Ce dernier samouraï a existé: il se nommait Jules Brunet, un officier français passé du service de Napoléon III à celui de l’Empereur du Japon. Pourquoi l'assassin a-t-il voulu la mort d’Abe-san? Pour lui faire payer son alliance avec les Américains? Parce qu’il estimait avoir été trahi par ce chantre de la défense japonaise, obligé de tenir compte des rapports de force avec l’immense Chine? Shinzo Abe fut l’homme de la nouvelle révolution militariste nipponne. C’est lui qui le 1er juillet 2014, défendit le droit à «l’autodéfense collective» permettant au Japon de combattre au besoin auprès d’un pays allié.

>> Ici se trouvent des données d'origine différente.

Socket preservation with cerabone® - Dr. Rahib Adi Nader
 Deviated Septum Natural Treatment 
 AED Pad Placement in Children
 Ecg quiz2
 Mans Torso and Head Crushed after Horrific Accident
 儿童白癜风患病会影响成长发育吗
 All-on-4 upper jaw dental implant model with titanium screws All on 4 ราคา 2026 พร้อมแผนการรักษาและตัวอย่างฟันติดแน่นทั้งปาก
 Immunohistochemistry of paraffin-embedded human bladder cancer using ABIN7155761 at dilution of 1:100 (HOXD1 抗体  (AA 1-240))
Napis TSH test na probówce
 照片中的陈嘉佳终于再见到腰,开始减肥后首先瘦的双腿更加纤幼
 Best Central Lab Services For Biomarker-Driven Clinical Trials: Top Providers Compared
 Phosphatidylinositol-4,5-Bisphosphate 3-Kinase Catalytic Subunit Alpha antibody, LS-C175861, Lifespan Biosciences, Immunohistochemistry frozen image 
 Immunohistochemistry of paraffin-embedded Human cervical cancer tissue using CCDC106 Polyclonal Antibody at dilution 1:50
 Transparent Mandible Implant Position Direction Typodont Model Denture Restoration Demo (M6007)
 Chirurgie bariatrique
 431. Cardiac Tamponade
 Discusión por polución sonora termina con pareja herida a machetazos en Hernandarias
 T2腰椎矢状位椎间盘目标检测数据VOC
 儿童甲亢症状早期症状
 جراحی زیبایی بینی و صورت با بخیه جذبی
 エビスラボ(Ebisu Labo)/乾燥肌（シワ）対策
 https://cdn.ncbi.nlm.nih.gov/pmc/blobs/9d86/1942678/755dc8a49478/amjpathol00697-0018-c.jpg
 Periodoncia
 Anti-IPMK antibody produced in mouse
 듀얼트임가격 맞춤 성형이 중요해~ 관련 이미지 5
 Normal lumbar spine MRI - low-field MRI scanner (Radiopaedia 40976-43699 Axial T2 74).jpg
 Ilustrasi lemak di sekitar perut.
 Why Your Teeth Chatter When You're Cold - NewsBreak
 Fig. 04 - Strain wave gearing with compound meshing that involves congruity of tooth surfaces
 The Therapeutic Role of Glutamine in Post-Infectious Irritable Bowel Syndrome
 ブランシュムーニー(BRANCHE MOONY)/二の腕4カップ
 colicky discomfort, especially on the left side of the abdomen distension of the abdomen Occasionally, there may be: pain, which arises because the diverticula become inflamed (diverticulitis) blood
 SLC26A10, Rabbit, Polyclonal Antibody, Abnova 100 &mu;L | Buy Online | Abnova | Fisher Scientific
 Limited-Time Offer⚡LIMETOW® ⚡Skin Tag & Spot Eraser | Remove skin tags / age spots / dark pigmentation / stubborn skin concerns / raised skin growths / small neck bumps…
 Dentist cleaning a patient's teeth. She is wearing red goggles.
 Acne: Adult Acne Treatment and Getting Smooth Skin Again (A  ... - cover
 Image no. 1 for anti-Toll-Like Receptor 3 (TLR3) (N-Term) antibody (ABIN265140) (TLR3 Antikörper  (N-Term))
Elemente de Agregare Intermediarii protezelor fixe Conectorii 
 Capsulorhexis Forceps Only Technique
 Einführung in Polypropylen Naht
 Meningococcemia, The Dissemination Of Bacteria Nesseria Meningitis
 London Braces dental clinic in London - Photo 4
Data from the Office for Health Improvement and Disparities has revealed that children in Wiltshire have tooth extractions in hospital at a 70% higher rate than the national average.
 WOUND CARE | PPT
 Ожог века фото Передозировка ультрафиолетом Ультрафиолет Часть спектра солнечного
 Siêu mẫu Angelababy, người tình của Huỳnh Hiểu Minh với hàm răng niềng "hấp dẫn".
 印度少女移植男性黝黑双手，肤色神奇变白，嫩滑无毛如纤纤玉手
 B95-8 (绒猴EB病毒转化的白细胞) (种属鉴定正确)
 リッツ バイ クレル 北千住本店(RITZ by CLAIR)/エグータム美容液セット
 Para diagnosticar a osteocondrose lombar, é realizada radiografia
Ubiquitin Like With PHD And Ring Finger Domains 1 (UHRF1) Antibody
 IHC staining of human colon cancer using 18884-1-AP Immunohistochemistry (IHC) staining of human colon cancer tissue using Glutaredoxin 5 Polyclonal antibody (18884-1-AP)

Théorie du complot et secte Aum
Les théories du complot sont assurées de prospérer dans les prochains jours dans l’archipel où le dernier acte majeur de violence politique et terroriste fut l’attentat au gaz sarin contre le métro de Tokyo commis par la secte Aum en mars 1995. Il est d’ailleurs possible que les deux événements soient liés. Les sept membres de la secte Aum, dont son ex-gourou Shoko Asahara, jugés coupables de ce crime de masse ont été exécutés le 6 juillet 2018 au Japon, où la peine de mort est toujours en vigueur. Le 6 juillet dans le cas des terroristes. Le 8 juillet dans le cas de l’attentat contre Abe-san. Les dates résonnent, même si rien pour l’heure ne vient étayer cette thèse.